Fear and greed are driving the shares of Standard Chartered (LSE: STAN).
You'd have to be crazy to buy Standard Chartered (LSE: STAN) right now, wouldn't you?
One of the few banks to survive the financial crisis with its reputation intact, it is now facing the wrath of New York regulators after being accused of moving $250 billion of Iranian money in defiance of US sanctions.
That's the sort of thing that drives the US mad. So mad, in fact, that the UK-listed bank even risks losing its license to trade on Wall Street.
Yet clearly there are plenty of crazy people out there, because over the last couple of days, investors have been snapping up shares in the bank.
Crazy days
At first, investors ran in fear. Then greed took over.
Before the crisis broke, Standard Chartered shares would have cost you 1,603p. By Wednesday morning, they had fallen to 1,125p, a drop of 30%. I hope you didn't sell at that point, because they then rallied 17% to close at 1,315p.
At time of writing on Friday morning, the shares are trading at 1,350p.
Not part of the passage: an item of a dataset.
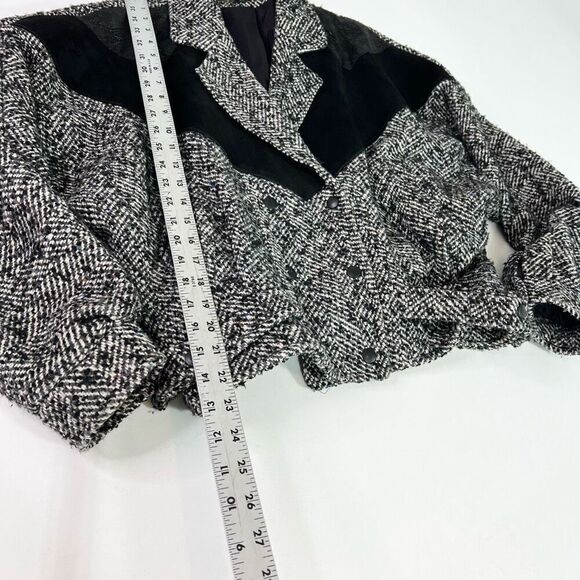 Havoc Jacket Womens Medium White Black Genuine Leather Long Sleeve Cropped Coat - Picture 7 of 12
Given the charge sheet -- money laundering for the country that annoys the US like no other -- you might expect the share price to be quivering in a bombproof bunker.
But that's not how investors think. Fear and greed drives them crazy.
Muck and brass
Standard Chartered directors have fought back, claiming the amounts involved were a mere $14 million, largely down to administrative errors. The bank claims 99.9% of its transactions with Iran complied with US regulations.
Bank of England governor Mervyn King did his bit, criticising New York regulator Benjamin Lawsky for pre-empting a joint investigation by five separate agencies.
Standard Chartered is down nearly 15% on the week, but plenty of people will have made money from it, says Danny Cox at Hargreaves Lansdown: “Investors who bought at the bottom and sold on Wednesday night have made a tidy 27%.”
As Cox rightly said, buying the shares of a company in turmoil is a risky business, as anybody who bought shares in Northern Rock five years ago discovered, when they lost all their money.
In deep water
Last time I tried to make money out of a company crisis was during the BP (LSE: BP) Deepwater drilling disaster in April 2010. I piled into the stock a few days into the drama, thinking the 20% share-price plunge made BP a buy. Then I switched on the lunchtime news and realised I'd underestimated the scale of the crisis.
At the time, analysts feared the crisis could cost BP $8 or $9 billion. Now the total price stands at $38 billion, and rising. My original purchase is still underwater.
Various attempts to take advantage of the banking crisis to buy Barclays (LSE: BARC), Lloyds Banking (LSE: LLOY) and Royal Bank of Scotland (LSE: RBS) on the cheap also cost me a small fortune. I lost at least half the money I invested.
Never again.
Unchartered waters
Standard Chartered's rapid share-price recovery shows why investors should resist the urge to flee at the first sound of gunfire. But should they charge so enthusiastically into the smoke and flames?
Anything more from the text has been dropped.